The Buccaneers and Vikings have split the last eight season series. Tampa Bay will have to win at home on Sunday in order to extend that streak to nine years in a row.
"I think we know them well and they know us well," said Bucs SS John Lynch. "I think it will all come down to who makes plays. It's time for us to make plays. There's guys in this locker room who are supposed to be big time players, including myself. So, it's time to go make some plays and change the course of the game."
Splitting the season series in not the only tradition the Buccaneers have grown accustomed to these days. Under head coach Tony Dungy, Tampa Bay has started the last three seasons off with a 3-4 record and could very well extend that streak to a fourth with one win and one loss in their next two games.
But out of those three 3-4 starts, two of them have been turned around at Raymond James Stadium with wins over the Minnesota Vikings.
Last season, Minnesota came into Raymond James Stadium as the only undefeated team in the NFL with a 7-0 record, but Tampa Bay thrashed the Vikings at home, 41-13 and went on to win seven of their last nine games.
In 1998, Tampa Bay was 3-4 and faced another unbeaten Vikings team with the identical record of 7-0. The Buccaneers defeated the Vikings at Ray-Jay 27-24 and finished the season 8-8.
Tampa Bay is 3-0 at Raymond James Stadium when hosting Minnesota and they plan on stopping their bleeding yet again with a win over the Vikings on Sunday.
"It seems like every time they come here they're riding high and we're struggling," said Dungy. "We've needed a big win and have been able to get it in the past couple of years and we need to do the same thing this week."
But while most of the Bucs players acknowledged their past tradition with the Vikings and were quick to point out the importance of winning Sunday's game, CB Ronde Barber was not so quick to refer to Minnesota as a Band-Aid.

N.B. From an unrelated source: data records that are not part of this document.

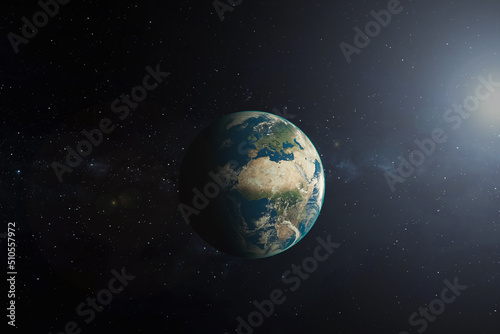 Fototapeta Naklejka Na Ścianę i Meble -  Earth in the space. View of the planet Earth from space. 3D model of the Earth View. Blue planet for wallpaper. 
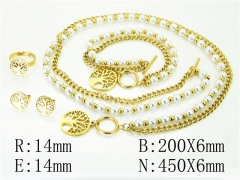HY Wholesale Jewelry 316L Stainless Steel Earrings Necklace Jewelry Set-HY50S0260JRR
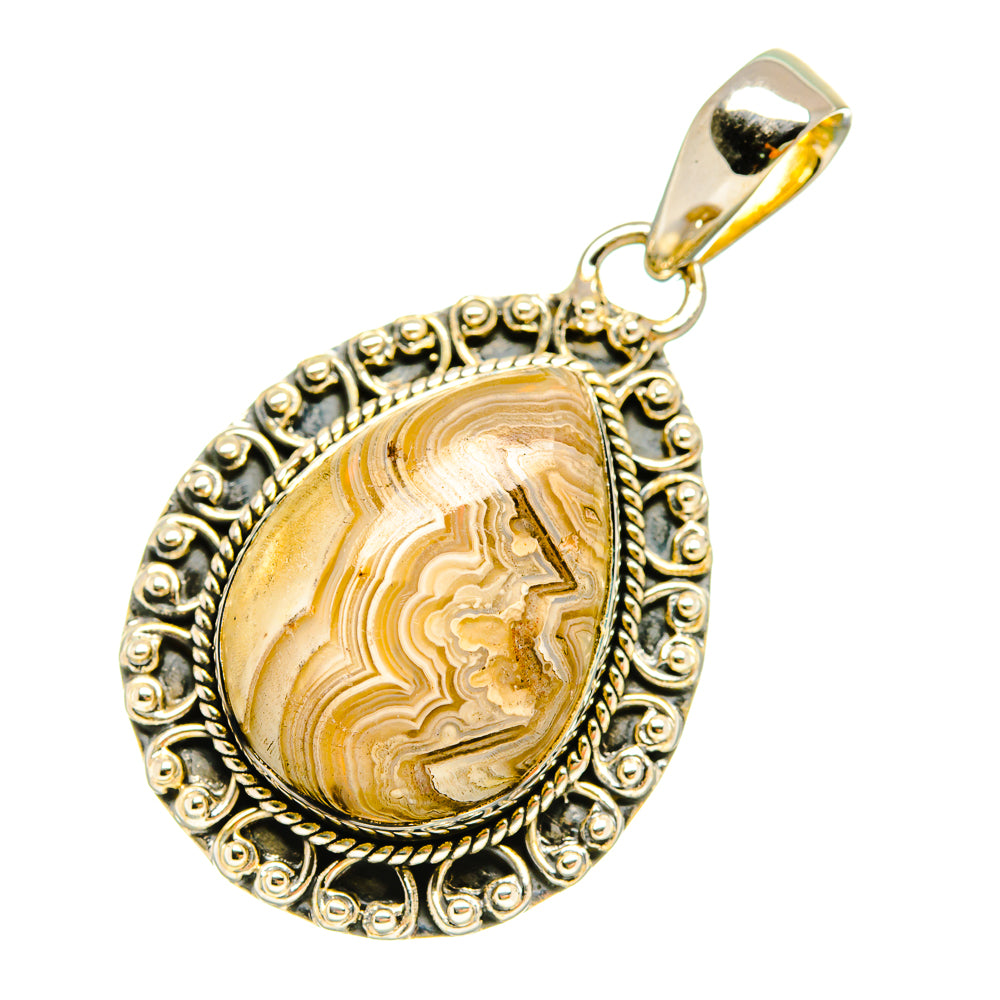 Laguna Lace Agate Pendants handcrafted by Ana Silver Co - PD5401 - Photo 2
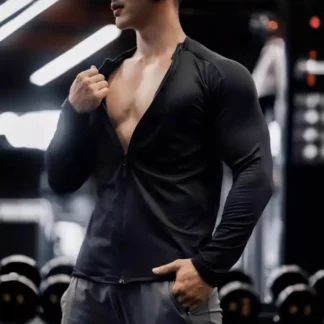 Men's Black Slim Fit Zipper Sports T-Shirt Autumn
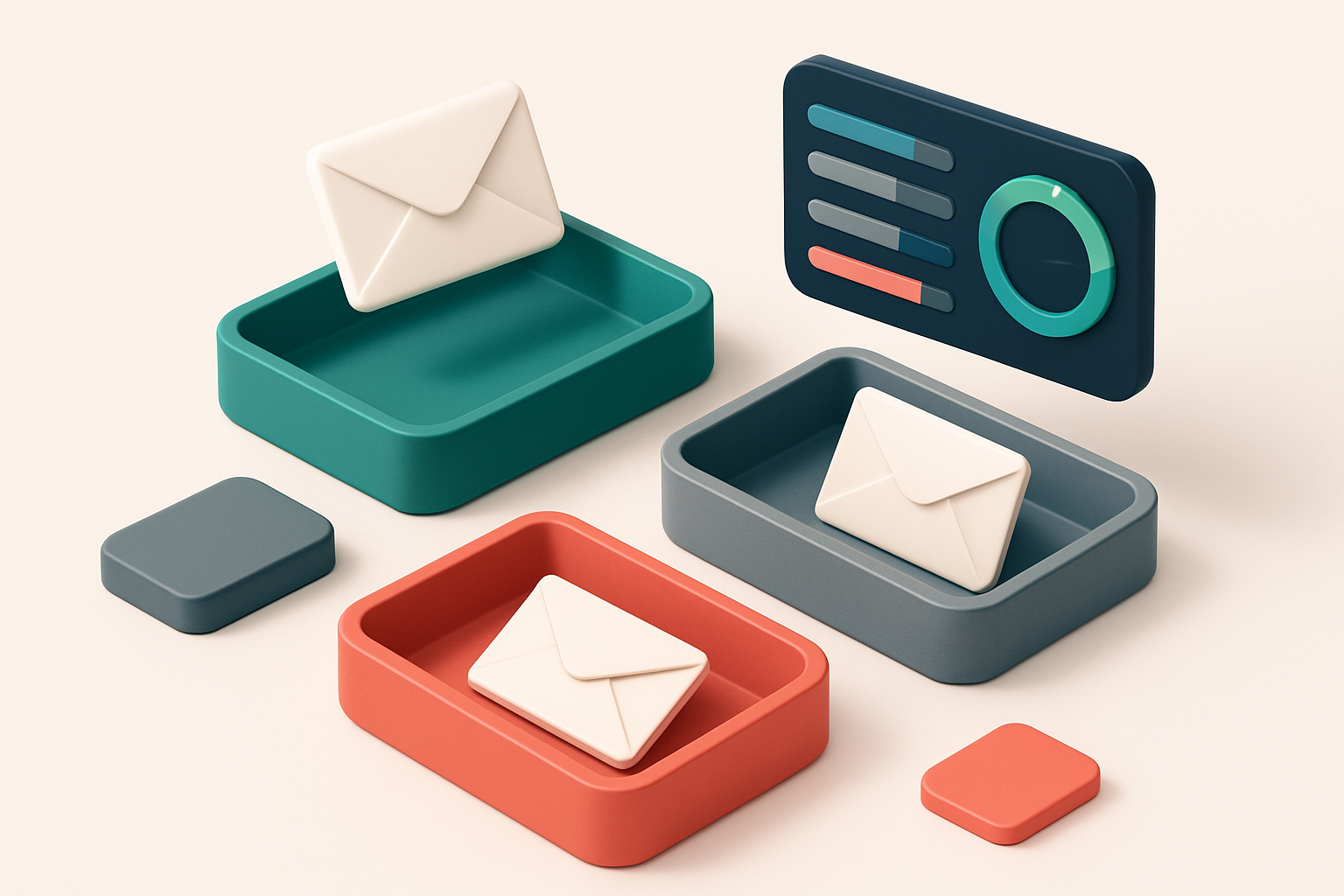 An isometric email inbox with envelopes being sorted onto a green 'valid' tray and a red 'invalid' tray, a gray 'risky'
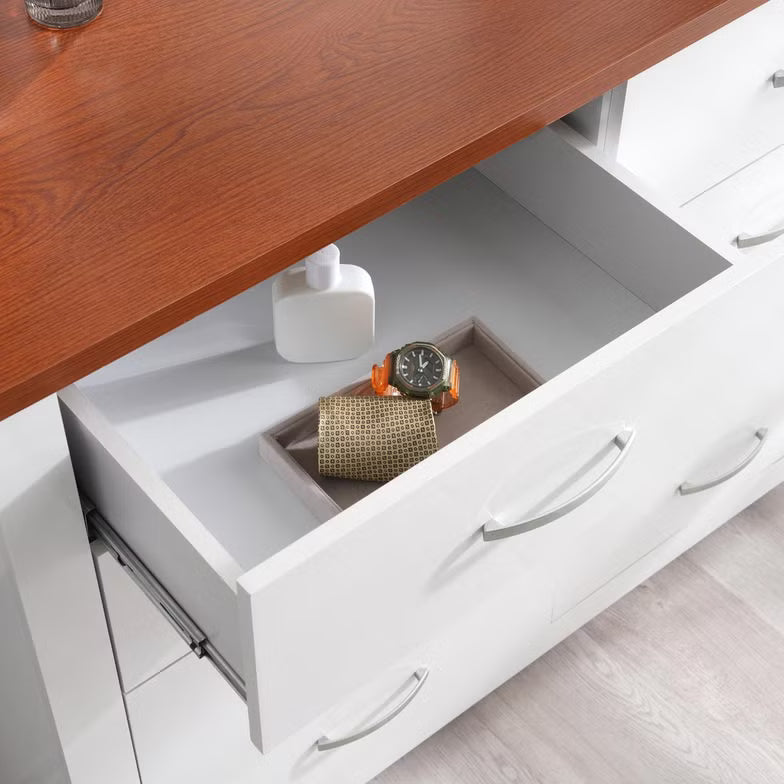 High-Quality MDF White Dressing Table with Mirror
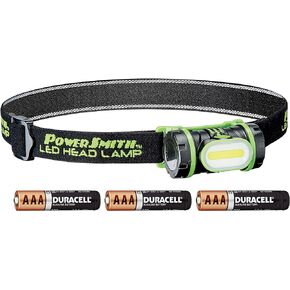 Head lamp 150 Lumen LED Weatherproof Rotatable with Adjustable Head Band, Rotating Head, High/Low/Flashing White Light, 18 Hour Run Time, and 3 AAA Batteries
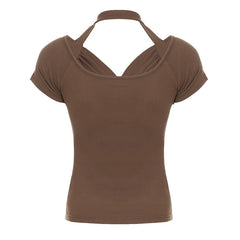 LIZAKOSHT - Metal Ring Decorate V-neck Top Fairycore Grunge Slim-fit Short Sleeve T-shirt Chic Elegant Streetwear Sexy Clothes New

"I don't want to call them a Band-Aid," said Barber. "We've had some success. This whole NFC Central is a home-at-home type of deal. We win at home, they win away or they win here and we win away. Every time we need a game, we're playing them (Minnesota) at home and we've been fortunate enough to win. Hopefully, the trend stays true."
Bucs Wide receiver Jacquez Green is all too familiar with Tampa Bay's slow starts, but thinks the team should pay more attention to the future rather than the past.

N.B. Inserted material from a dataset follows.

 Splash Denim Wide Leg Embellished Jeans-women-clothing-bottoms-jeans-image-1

"It seems that way every time," said Green. "But we can't get caught up in what we did in 1996, 97', 98' or 99' and 2000. Now, it's 2001 and everybody knows the Bucs are a good football team and everybody is coming in here to beat us now."
Bucs SS John Lynch thinks their past wins against the Vikings at home can serve as a confidence builder, but that's about all.

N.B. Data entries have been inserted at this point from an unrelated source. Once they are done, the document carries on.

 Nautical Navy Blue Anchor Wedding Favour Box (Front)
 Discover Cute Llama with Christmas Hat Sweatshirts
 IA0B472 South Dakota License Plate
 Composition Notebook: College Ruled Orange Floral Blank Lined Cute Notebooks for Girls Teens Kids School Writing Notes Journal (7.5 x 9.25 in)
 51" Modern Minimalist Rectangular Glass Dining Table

"We've played Minnesota really well down here," said Lynch. "But for this week, I think you throw all of that out and maybe use some of that in the back of your mind for some confidence. This team needs some confidence because we've been struggling, but the point is it's going to come down to how we play. If we play like we've played the past couple of weeks, we probably won't get it done. But if we play the kind of football we are capable of playing, then we should be in good shape. But I think that starts with every individual looking at themselves. You don't have to play a perfect game, but you have to play good."
When the Bucs and Vikings met in Week 3, Minnesota had their backs up against the wall with a 0-2 record. Tampa Bay failed to put a desperate Vikings' team down when they had the chance and with a 3-3 Minnesota club coming into Tampa fresh off of a 35-13 win over the 4-2 Green Bay Packers, the roles appear to be reversed.
"At the time, they were struggling and 0-2," said Johnson. "Everyone was kind of pointing the fingers at them, but now the roles have reversed. But regardless of what time of the year it is, it's another ballgame at home and we feel like we have to win it in order to give ourselves a chance to win the division and get in the playoffs later on in the year."
Tampa Bay has only lost five regular season home games at Raymond James Stadium, but the Buccaneers are convinced they will be facing a tough Minnesota team and will have to play as well as they are capable of playing in order to improve to 3-3 on the season.
"I think you have 16 times to check your pride," said Johnson. "And right now, we're 2-3 and that's where our pride is. I think the biggest thing is how hard we prepare this week and how hard we work this week. I think the biggest deal is how we're going to play on Sunday and that's where we have to perform starting this Sunday."
The Buccaneers have been in this boat before and have used the Vikings as a Band-Aid to heal their wounds in the past. Most of the Bucs players are confident past season struggles will ultimately guide them out of their slow start.
"We've been in this situation before," said Bucs WR Reidel Anthony. "And we always come back."
But what exactly does Tampa Bay have to do to turn their season around? Who better to answer that question and remedy the situation than the Bucs personnel that has been through the same situations before?
"Our players and coaching staff who have been here know how we've pulled out of this in the past," said Dungy. "That's what we have to do. We can't worry about anything else but our performance and that's what going to get us better."